Given information Block Start

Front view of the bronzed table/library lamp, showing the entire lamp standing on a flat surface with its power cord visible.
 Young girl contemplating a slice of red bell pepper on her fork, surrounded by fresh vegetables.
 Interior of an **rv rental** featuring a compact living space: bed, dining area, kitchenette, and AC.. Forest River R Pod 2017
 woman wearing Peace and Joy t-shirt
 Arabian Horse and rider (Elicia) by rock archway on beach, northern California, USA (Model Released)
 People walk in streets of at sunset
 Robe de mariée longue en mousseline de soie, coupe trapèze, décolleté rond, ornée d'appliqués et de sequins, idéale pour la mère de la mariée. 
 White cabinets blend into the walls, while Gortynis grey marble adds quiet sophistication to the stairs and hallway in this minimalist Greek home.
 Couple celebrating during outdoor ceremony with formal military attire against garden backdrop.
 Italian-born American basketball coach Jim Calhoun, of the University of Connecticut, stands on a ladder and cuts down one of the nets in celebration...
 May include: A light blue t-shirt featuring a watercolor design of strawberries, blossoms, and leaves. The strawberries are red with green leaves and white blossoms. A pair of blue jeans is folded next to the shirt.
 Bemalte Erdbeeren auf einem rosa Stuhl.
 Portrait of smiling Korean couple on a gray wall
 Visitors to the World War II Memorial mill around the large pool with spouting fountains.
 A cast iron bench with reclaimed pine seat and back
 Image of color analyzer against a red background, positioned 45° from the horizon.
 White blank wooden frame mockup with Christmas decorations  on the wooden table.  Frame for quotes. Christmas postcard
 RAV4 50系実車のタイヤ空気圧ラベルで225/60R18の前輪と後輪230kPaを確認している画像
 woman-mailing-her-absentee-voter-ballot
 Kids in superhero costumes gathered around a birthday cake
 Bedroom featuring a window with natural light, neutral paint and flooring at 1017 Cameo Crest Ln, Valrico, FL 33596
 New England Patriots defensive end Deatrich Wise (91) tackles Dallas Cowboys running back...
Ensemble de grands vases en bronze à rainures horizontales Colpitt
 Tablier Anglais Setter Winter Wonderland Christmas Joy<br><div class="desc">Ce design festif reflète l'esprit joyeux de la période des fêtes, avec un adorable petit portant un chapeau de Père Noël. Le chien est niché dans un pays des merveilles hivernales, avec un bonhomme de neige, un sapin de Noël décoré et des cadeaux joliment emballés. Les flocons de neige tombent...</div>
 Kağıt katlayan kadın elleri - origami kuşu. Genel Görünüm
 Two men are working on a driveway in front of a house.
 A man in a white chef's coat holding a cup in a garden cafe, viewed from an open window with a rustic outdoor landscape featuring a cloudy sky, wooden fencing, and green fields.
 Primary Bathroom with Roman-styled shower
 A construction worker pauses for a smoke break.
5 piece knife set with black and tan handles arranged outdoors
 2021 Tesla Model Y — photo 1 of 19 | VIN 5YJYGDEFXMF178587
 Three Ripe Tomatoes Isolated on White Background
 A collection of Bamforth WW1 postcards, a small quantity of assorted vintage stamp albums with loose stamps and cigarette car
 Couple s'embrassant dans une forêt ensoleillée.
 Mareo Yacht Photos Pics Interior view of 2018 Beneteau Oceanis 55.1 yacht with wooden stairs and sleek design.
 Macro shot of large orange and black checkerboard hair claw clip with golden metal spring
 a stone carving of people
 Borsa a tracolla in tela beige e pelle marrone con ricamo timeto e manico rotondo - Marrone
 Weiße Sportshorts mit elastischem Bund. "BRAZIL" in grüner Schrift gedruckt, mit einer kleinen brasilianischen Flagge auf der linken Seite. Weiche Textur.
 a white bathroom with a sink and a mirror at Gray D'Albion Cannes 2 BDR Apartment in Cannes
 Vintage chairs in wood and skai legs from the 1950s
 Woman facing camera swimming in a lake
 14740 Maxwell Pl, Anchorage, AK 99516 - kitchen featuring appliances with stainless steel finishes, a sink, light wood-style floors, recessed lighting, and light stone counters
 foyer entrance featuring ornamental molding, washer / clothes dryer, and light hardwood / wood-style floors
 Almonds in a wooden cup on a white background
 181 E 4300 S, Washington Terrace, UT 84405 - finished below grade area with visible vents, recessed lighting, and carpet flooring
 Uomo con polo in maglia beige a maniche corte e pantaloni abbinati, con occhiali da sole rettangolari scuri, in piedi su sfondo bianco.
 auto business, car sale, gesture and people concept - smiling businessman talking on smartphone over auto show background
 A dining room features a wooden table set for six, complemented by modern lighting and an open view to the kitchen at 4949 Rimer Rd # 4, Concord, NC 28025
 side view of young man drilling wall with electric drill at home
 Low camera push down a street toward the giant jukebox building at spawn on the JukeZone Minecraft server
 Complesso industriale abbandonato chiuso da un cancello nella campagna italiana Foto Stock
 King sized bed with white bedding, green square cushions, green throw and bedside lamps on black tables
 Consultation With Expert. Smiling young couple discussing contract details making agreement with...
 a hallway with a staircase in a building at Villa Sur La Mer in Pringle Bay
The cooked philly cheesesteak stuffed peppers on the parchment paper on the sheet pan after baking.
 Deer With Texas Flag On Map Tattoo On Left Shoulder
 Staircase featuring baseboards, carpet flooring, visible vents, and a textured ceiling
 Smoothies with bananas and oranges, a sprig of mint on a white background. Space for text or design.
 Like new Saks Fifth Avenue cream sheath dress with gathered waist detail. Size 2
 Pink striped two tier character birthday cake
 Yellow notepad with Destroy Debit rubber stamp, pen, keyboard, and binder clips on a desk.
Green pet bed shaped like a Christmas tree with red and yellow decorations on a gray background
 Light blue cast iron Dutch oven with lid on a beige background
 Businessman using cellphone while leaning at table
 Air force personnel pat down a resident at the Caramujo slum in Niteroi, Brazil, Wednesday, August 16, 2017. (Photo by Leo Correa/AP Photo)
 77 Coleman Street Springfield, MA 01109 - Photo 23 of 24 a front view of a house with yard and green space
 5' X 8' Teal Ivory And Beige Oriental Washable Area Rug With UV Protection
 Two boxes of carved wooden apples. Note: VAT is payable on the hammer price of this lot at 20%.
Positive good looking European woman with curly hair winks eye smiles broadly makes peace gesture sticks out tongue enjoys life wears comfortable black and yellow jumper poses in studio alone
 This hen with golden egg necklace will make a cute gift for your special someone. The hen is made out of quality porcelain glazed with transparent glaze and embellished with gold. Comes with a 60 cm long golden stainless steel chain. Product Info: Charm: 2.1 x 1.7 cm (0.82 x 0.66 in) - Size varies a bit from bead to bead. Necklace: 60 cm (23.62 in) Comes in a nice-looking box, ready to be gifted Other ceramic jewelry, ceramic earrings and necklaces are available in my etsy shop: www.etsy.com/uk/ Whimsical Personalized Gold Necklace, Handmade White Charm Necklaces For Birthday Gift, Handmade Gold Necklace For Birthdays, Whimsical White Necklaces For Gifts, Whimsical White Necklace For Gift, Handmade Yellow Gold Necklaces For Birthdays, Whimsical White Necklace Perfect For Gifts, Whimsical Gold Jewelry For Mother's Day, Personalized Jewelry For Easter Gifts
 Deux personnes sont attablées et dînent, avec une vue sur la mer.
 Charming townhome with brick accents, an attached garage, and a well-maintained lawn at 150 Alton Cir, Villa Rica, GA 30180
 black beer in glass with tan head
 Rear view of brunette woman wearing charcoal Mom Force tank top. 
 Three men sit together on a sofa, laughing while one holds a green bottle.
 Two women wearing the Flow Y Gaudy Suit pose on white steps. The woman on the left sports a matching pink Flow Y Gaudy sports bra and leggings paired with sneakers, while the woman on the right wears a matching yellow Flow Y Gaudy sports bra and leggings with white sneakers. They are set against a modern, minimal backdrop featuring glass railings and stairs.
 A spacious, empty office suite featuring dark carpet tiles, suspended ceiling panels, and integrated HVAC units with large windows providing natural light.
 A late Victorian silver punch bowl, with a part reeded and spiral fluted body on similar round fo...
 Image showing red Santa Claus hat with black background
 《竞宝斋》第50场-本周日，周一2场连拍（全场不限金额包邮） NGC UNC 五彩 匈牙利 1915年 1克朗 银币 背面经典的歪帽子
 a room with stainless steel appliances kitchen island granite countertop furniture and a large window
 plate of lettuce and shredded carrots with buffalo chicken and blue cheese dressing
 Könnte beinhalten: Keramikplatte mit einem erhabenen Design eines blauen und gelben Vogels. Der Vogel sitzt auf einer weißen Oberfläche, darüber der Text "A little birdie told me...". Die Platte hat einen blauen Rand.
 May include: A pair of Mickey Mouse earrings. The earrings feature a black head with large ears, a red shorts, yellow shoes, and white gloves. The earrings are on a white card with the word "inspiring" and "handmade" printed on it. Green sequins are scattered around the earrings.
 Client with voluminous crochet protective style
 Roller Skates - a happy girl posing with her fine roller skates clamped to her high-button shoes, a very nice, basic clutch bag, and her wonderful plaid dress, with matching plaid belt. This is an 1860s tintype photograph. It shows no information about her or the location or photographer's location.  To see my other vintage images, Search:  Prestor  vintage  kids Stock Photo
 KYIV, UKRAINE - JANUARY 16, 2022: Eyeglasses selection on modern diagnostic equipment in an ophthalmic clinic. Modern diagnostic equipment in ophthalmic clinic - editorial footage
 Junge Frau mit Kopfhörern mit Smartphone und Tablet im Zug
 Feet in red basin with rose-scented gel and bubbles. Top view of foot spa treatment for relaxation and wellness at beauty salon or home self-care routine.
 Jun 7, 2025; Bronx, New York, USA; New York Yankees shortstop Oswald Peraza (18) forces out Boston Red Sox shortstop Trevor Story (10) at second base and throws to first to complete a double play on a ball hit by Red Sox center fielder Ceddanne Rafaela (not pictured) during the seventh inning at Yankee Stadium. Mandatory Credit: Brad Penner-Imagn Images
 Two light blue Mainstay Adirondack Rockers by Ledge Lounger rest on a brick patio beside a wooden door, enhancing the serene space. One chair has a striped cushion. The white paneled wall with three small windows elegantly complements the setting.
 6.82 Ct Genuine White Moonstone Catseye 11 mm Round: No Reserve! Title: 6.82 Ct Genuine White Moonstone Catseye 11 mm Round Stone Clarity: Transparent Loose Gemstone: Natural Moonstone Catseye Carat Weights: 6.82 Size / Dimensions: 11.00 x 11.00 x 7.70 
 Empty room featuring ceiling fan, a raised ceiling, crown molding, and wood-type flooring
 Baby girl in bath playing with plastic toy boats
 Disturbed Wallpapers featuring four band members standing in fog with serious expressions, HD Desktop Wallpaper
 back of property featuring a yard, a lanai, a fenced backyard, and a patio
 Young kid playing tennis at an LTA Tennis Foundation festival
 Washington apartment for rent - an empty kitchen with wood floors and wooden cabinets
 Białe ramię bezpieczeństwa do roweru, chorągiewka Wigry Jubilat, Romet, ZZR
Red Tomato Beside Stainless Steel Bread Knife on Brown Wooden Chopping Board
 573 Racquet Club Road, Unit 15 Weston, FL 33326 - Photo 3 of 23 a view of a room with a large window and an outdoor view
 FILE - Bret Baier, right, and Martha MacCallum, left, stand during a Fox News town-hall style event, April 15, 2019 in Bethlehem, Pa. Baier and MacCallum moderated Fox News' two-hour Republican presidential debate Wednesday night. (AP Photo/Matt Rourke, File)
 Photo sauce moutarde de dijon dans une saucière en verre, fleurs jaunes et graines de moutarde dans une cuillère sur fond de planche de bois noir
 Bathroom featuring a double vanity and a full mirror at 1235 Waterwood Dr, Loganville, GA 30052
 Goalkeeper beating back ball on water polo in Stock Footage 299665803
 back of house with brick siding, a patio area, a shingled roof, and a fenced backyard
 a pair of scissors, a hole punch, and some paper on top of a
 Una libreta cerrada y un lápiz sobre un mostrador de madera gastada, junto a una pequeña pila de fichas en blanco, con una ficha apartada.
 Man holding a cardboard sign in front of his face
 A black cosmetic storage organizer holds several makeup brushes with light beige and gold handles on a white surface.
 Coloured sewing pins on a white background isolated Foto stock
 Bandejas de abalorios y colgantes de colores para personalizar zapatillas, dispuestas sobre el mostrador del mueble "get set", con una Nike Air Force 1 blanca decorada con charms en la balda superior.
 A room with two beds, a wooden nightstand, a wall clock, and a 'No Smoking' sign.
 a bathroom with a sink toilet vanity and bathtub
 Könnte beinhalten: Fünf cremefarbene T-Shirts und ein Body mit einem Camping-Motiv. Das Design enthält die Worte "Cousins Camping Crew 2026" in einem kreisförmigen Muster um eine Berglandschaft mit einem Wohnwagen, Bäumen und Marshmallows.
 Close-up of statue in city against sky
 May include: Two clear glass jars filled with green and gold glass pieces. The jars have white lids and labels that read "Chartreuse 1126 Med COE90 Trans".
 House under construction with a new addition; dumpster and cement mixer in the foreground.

Given information Block End

▶ **Problem to solve**:
All lines above from the one with "This hen with" to the one with "black beer in glass with tan head", inclusive, should be copied exactly, and no other lines.

▶ **Response to the task**:
 This hen with golden egg necklace will make a cute gift for your special someone. The hen is made out of quality porcelain glazed with transparent glaze and embellished with gold. Comes with a 60 cm long golden stainless steel chain. Product Info: Charm: 2.1 x 1.7 cm (0.82 x 0.66 in) - Size varies a bit from bead to bead. Necklace: 60 cm (23.62 in) Comes in a nice-looking box, ready to be gifted Other ceramic jewelry, ceramic earrings and necklaces are available in my etsy shop: www.etsy.com/uk/ Whimsical Personalized Gold Necklace, Handmade White Charm Necklaces For Birthday Gift, Handmade Gold Necklace For Birthdays, Whimsical White Necklaces For Gifts, Whimsical White Necklace For Gift, Handmade Yellow Gold Necklaces For Birthdays, Whimsical White Necklace Perfect For Gifts, Whimsical Gold Jewelry For Mother's Day, Personalized Jewelry For Easter Gifts
 Deux personnes sont attablées et dînent, avec une vue sur la mer.
 Charming townhome with brick accents, an attached garage, and a well-maintained lawn at 150 Alton Cir, Villa Rica, GA 30180
 black beer in glass with tan head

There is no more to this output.